Zacualpan's climate is humid with rain throughout the year. Average temperatures in the municipality range between 12 and 24 C, and average annual precipitation ranges between 1100 and 2600 mm.

Climate data for Zacualpan weather station at 20°25′50″N 98°21′10″W﻿ / ﻿20.43056°N 98.35278°W, 1625 m above sea level (1981–2010 averages, 1951–2010 extremes)
| Month | Jan | Feb | Mar | Apr | May | Jun | Jul | Aug | Sep | Oct | Nov | Dec | Year |
| Record high °C (°F) | 27.5 (81.5) | 29.5 (85.1) | 33.5 (92.3) | 35.5 (95.9) | 34.5 (94.1) | 32.0 (89.6) | 28.0 (82.4) | 28.0 (82.4) | 27.0 (80.6) | 28.5 (83.3) | 28.0 (82.4) | 32.0 (89.6) | 35.5 (95.9) |
| Mean daily maximum °C (°F) | 20.4 (68.7) | 21.7 (71.1) | 22.8 (73.0) | 24.7 (76.5) | 25.0 (77.0) | 24.0 (75.2) | 22.8 (73.0) | 22.6 (72.7) | 22.0 (71.6) | 21.5 (70.7) | 21.4 (70.5) | 20.7 (69.3) | 22.5 (72.5) |
| Daily mean °C (°F) | 13.0 (55.4) | 14.0 (57.2) | 15.2 (59.4) | 17.7 (63.9) | 18.4 (65.1) | 18.2 (64.8) | 17.2 (63.0) | 17.2 (63.0) | 16.8 (62.2) | 15.7 (60.3) | 14.6 (58.3) | 13.6 (56.5) | 16.0 (60.8) |
| Mean daily minimum °C (°F) | 5.6 (42.1) | 6.3 (43.3) | 7.6 (45.7) | 10.7 (51.3) | 11.8 (53.2) | 12.4 (54.3) | 11.6 (52.9) | 11.8 (53.2) | 11.5 (52.7) | 9.8 (49.6) | 7.8 (46.0) | 6.6 (43.9) | 9.5 (49.1) |
| Record low °C (°F) | −3.0 (26.6) | −3.0 (26.6) | −3.5 (25.7) | 2.0 (35.6) | 5.5 (41.9) | 7.0 (44.6) | 1.0 (33.8) | 7.0 (44.6) | 5.0 (41.0) | 0.0 (32.0) | −2.0 (28.4) | −6.0 (21.2) | −6.0 (21.2) |
| Average precipitation mm (inches) | 58.0 (2.28) | 53.8 (2.12) | 47.4 (1.87) | 52.8 (2.08) | 79.4 (3.13) | 242.3 (9.54) | 385.3 (15.17) | 292.6 (11.52) | 355.5 (14.00) | 145.8 (5.74) | 82.2 (3.24) | 54.1 (2.13) | 1,849.2 (72.80) |
| Average precipitation days (≥ 0.1 mm) | 8.9 | 8.2 | 8.2 | 7.5 | 11.0 | 16.0 | 21.4 | 19.9 | 20.3 | 13.7 | 10.4 | 8.8 | 154.3 |
Source: Servicio Meteorológico Nacional

==History==
The area was originally inhabited by the Huastec people. Zacualpan was separated from Huayacocotla to form its own municipality on 13 November 1875. It became a free municipality on 15 January 1918.

==Administration==
The municipal government comprises a president, a councillor (Spanish: síndico), and a trustee (regidor). The current president of the municipality is Andrés Maldonado Yáñez.

==Demographics==
In the 2010 Mexican Census, the municipality of Zacualpan recorded a population of 6784 inhabitants living in 1821 households. The 2015 Intercensal Survey estimated a population of 7194 inhabitants in Zacualpan.
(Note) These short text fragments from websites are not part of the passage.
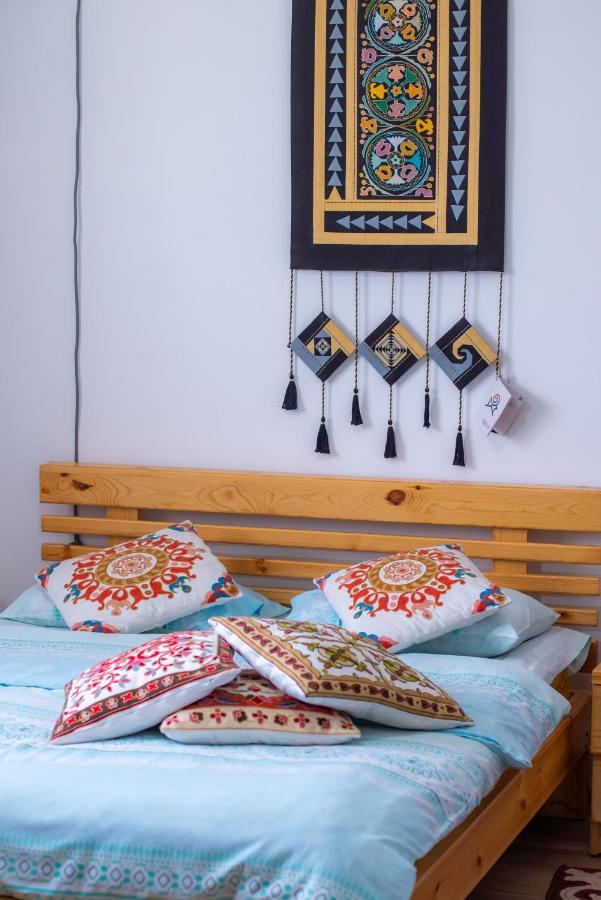 Guest House Etnodom Jalal-Abad Екстериор снимка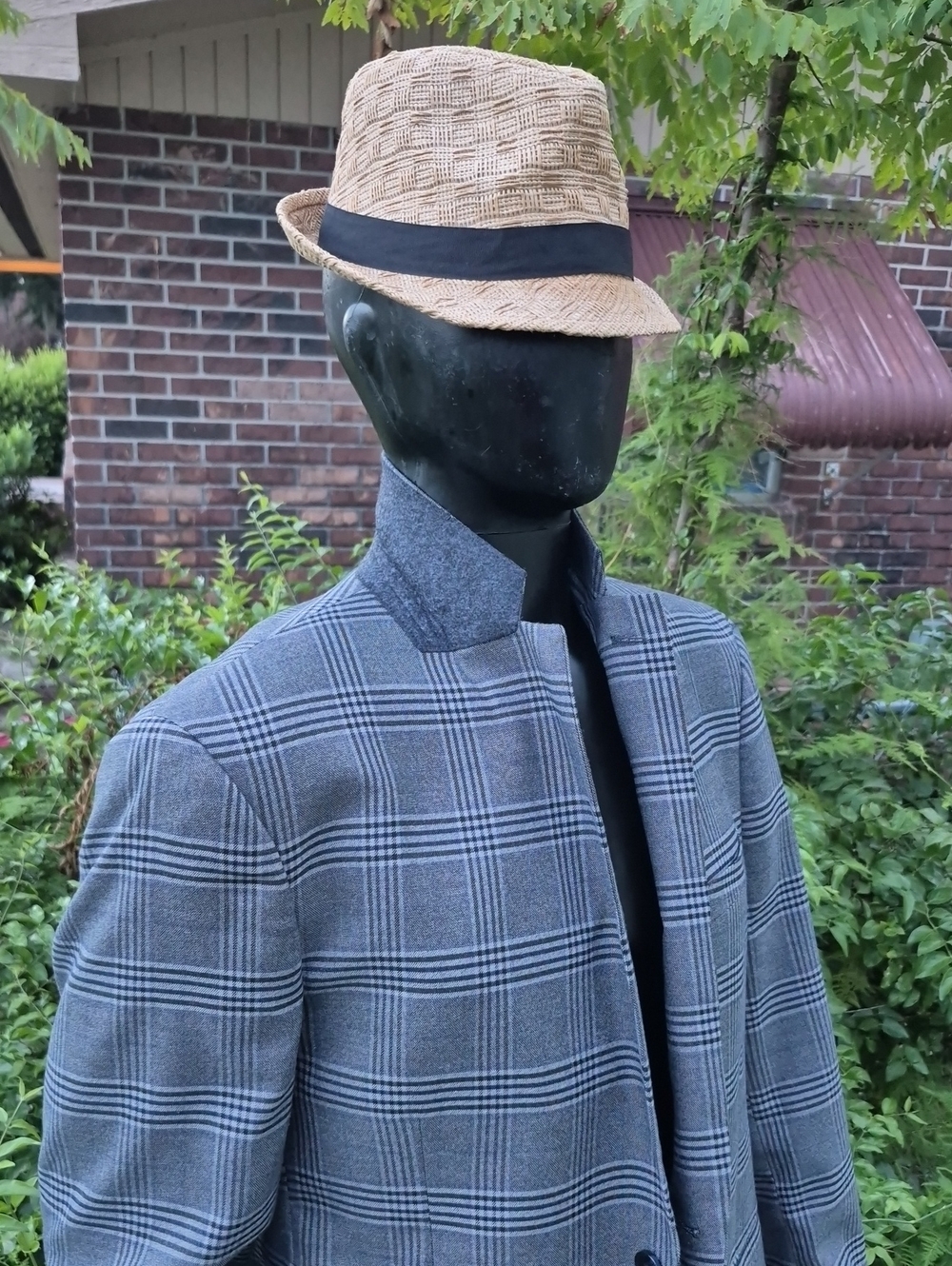 The Savile Row Company Men's "Bromley" Glen Plaid Spring/Summer Crossover Blazer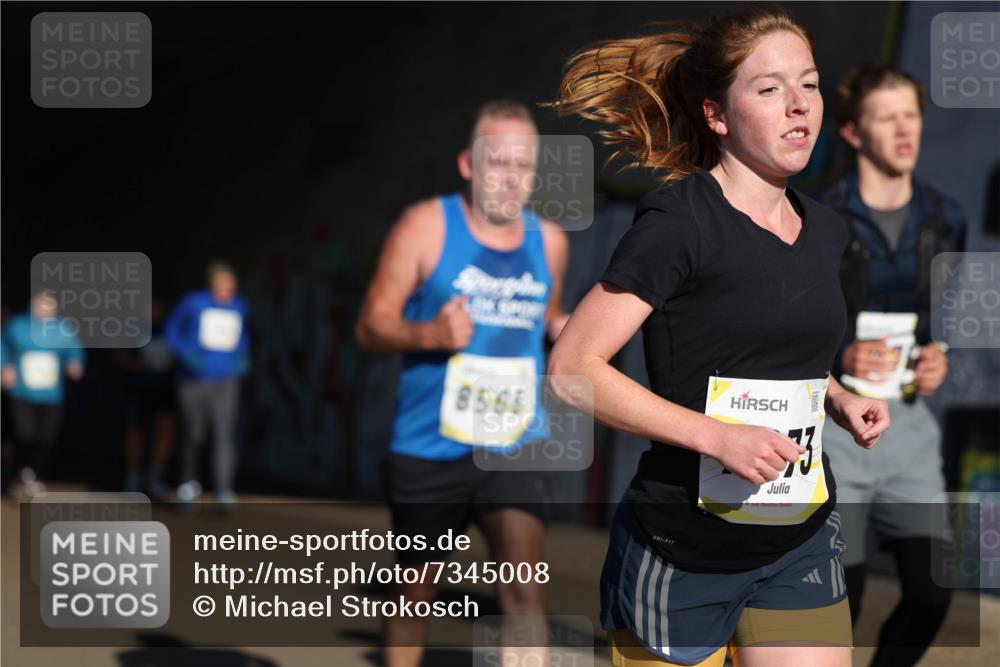 06.10.2024 - 19. swb-Marathon Bremen Michael Strokosch http://msf.ph/oto/7345008 06.10.2024 10:15:32 Laufen 8566, 19, 3 meine-sportfotos.de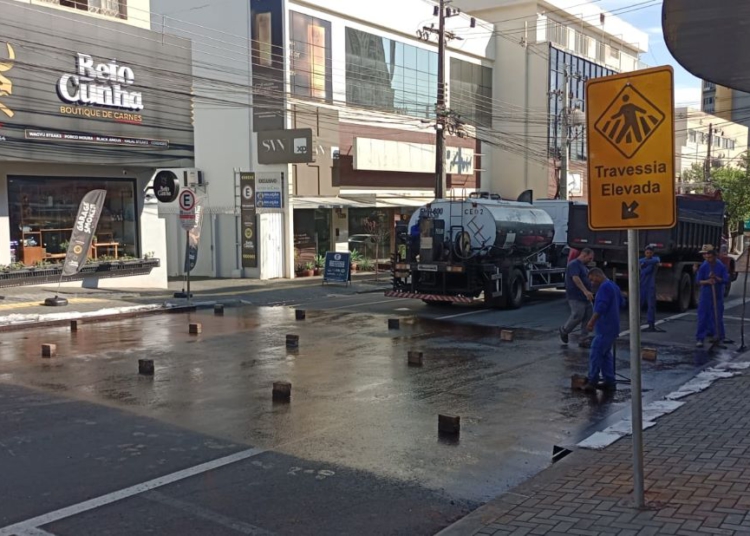 Construção de faixa elevada. Foto: PMFI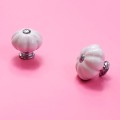 porcelanowe uchwyty do mebli giusti włoskie uchwyty meblowe gałka meblowa dynia biała złota chrom czarna.jpg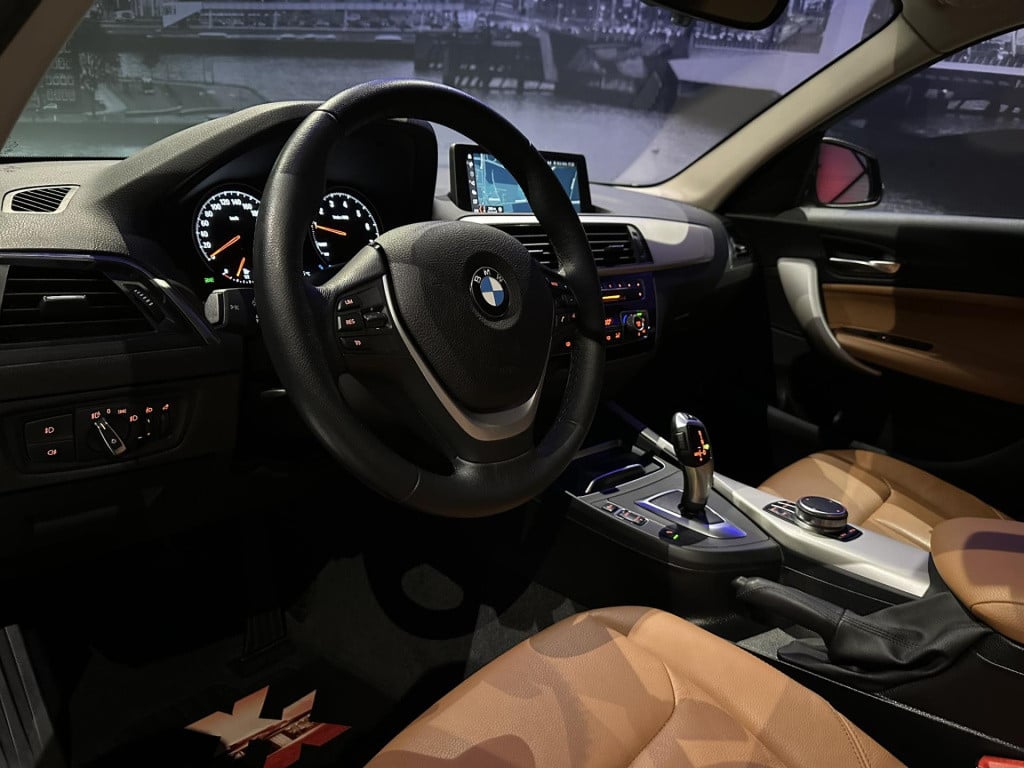 BMW 1 Serie 118i high executive *origineel nl*navi*clima*led*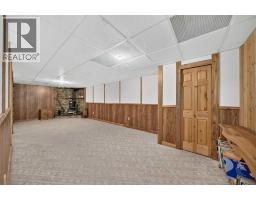 112 Queensland Place SE - photo 25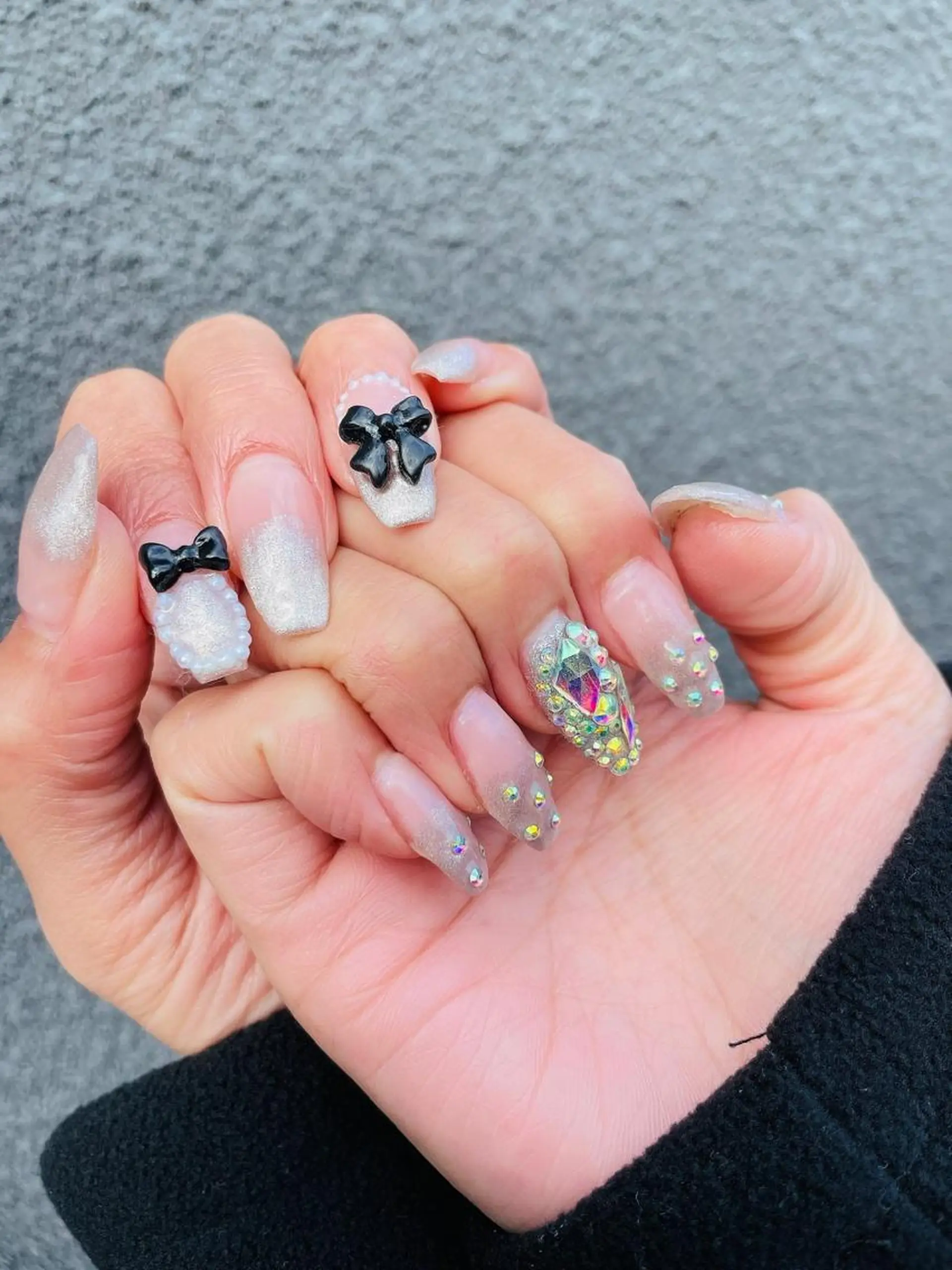 ネイル 持ち込み リボン Raviliss ♡のネイルデザイン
There are 69 localities in the municipality, of which only the municipal seat, also known as Zacualpan, is classified as urban. It recorded a population of 633 inhabitants in the 2010 Census.

==Economy==
Major economic activities in Zacualpan include forestry and farming. Zacualpan produced 33983 m3 of timber in 2015, second to Huayacocotla among municipalities in Veracruz. Cattle and pigs are the main livestock raised, while corn, peaches and apples are the main agricultural crops.